Qu’est-ce qu’une rupture conventionnelle ?
La rupture conventionnelle est un mode de rupture amiable du contrat à durée indéterminée (CDI), instauré par la loi n° 2008-596 du 25 juin 2008 et codifié aux articles L. 1237-11 à L. 1237-16 du Code du travail. Elle permet à l’employeur et au salarié de convenir des modalités de la séparation, tout en garantissant certaines protections, notamment l’accès aux allocations chômage sous conditions.
La Cour de cassation rappelle que la rupture conventionnelle est le seul mode de rupture amiable du CDI, excluant ainsi toute autre forme d’accord informel (Cass. soc., 15 oct. 2014, n° 11-22.251).
Qui peut faire une rupture conventionnelle ?

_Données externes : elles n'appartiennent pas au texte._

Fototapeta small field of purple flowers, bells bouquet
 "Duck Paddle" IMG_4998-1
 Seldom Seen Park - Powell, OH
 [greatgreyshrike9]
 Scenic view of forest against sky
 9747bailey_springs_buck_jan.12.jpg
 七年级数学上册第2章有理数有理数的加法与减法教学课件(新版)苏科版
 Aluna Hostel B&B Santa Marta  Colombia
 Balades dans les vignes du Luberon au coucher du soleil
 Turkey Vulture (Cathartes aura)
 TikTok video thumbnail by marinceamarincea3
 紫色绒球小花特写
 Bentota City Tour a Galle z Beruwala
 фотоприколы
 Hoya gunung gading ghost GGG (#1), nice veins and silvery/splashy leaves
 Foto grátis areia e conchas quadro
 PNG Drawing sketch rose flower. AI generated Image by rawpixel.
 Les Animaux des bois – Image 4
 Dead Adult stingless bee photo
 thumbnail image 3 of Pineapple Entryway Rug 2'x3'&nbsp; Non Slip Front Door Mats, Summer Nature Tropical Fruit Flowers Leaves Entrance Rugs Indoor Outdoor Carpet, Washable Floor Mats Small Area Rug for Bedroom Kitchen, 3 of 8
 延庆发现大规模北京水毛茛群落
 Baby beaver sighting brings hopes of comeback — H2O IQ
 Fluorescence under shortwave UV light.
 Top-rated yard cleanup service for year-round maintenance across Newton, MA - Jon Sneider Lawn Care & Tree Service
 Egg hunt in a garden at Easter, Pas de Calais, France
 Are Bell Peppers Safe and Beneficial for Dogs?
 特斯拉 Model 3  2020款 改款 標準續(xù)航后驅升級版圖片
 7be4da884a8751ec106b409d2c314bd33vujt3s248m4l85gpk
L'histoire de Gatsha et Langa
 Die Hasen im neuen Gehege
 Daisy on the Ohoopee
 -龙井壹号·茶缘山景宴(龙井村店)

- Seuls les salariés en CDI sont concernés.
- Elle ne peut être imposée unilatéralement par l’une des parties.
Les interdictions
- La rupture conventionnelle est impossible en cas de fraude, vice du consentement ou contrainte :
- La rupture est irrégulière si le salarié n’était pas dans un état de sérénité suffisante ni d’aptitude pleine et entière pour négocier cette rupture. En l’espèce, le salarié souffrait d’une tumeur cérébrale avec altération de ses facultés mentales de nature à vicier son consentement (Cass. soc., 16 mai 2018, n° 16-25.852).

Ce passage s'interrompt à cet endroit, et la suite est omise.